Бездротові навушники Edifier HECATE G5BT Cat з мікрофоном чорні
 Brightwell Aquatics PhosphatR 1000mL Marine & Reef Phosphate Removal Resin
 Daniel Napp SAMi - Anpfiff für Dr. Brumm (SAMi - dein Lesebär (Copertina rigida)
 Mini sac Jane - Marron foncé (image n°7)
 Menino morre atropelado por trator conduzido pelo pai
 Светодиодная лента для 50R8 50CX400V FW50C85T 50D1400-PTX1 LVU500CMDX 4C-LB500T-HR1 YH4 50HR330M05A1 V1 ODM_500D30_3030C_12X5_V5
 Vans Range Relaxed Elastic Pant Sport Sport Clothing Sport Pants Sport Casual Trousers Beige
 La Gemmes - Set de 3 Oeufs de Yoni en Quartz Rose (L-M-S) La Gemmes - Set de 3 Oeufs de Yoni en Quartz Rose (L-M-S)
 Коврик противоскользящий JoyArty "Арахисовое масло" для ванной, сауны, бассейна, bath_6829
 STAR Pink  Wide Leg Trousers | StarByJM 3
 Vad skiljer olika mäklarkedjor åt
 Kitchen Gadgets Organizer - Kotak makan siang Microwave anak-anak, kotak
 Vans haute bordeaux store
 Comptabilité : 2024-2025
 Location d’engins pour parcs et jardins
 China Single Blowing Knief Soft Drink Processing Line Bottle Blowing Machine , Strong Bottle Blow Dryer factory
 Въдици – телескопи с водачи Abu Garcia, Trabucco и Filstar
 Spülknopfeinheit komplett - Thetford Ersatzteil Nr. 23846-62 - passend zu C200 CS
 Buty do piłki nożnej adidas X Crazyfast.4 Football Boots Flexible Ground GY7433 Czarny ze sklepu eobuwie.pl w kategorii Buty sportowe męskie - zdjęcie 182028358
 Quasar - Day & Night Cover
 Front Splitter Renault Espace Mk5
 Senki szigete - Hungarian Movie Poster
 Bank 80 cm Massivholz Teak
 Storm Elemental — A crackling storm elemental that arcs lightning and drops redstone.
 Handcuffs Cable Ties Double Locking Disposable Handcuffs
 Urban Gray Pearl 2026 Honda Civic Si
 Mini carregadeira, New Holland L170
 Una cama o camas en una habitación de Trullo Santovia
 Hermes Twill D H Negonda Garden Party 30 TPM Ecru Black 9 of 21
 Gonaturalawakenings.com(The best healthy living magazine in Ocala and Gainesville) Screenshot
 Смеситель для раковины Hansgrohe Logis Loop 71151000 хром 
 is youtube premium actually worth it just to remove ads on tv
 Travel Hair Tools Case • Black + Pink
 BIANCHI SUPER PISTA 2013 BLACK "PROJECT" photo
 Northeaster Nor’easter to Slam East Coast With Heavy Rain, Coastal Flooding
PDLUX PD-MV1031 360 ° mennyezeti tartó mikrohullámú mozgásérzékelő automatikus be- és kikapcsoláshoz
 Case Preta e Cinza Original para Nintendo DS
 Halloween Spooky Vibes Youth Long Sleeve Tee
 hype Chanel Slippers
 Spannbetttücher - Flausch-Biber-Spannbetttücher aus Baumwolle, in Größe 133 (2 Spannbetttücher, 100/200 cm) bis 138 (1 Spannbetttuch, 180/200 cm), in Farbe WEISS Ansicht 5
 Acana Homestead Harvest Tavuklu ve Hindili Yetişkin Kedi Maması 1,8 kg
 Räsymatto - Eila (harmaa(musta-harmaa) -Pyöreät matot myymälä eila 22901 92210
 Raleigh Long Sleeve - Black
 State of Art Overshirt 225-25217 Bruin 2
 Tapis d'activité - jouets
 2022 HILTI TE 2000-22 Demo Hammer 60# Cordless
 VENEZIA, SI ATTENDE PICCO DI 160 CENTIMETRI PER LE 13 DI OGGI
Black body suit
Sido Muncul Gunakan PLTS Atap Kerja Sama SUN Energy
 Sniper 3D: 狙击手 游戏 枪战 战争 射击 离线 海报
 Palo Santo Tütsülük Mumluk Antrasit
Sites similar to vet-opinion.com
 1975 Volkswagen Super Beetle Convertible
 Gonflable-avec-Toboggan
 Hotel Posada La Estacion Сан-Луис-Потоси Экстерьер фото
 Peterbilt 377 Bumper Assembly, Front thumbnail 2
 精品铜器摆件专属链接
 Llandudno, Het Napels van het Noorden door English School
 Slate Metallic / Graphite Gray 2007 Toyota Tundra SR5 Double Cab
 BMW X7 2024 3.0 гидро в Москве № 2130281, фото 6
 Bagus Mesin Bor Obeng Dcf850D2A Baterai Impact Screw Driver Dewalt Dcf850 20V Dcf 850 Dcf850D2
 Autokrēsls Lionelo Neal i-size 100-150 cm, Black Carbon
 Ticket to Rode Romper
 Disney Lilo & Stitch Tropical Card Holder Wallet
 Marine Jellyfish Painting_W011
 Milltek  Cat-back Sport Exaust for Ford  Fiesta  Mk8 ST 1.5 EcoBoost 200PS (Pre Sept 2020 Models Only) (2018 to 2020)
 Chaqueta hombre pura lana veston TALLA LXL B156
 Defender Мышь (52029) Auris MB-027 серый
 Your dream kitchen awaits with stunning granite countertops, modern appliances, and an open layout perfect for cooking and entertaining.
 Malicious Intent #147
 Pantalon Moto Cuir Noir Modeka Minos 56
══════════════════════════════
» Prompt
From the entries above, give again exactly the lines running from the line with "Sites similar to vet-opinion.com" to the line with "Malicious Intent #147"; include both of those lines.

» Solution to this exercise
Sites similar to vet-opinion.com
 1975 Volkswagen Super Beetle Convertible
 Gonflable-avec-Toboggan
 Hotel Posada La Estacion Сан-Луис-Потоси Экстерьер фото
 Peterbilt 377 Bumper Assembly, Front thumbnail 2
 精品铜器摆件专属链接
 Llandudno, Het Napels van het Noorden door English School
 Slate Metallic / Graphite Gray 2007 Toyota Tundra SR5 Double Cab
 BMW X7 2024 3.0 гидро в Москве № 2130281, фото 6
 Bagus Mesin Bor Obeng Dcf850D2A Baterai Impact Screw Driver Dewalt Dcf850 20V Dcf 850 Dcf850D2
 Autokrēsls Lionelo Neal i-size 100-150 cm, Black Carbon
 Ticket to Rode Romper
 Disney Lilo & Stitch Tropical Card Holder Wallet
 Marine Jellyfish Painting_W011
 Milltek  Cat-back Sport Exaust for Ford  Fiesta  Mk8 ST 1.5 EcoBoost 200PS (Pre Sept 2020 Models Only) (2018 to 2020)
 Chaqueta hombre pura lana veston TALLA LXL B156
 Defender Мышь (52029) Auris MB-027 серый
 Your dream kitchen awaits with stunning granite countertops, modern appliances, and an open layout perfect for cooking and entertaining.
 Malicious Intent #147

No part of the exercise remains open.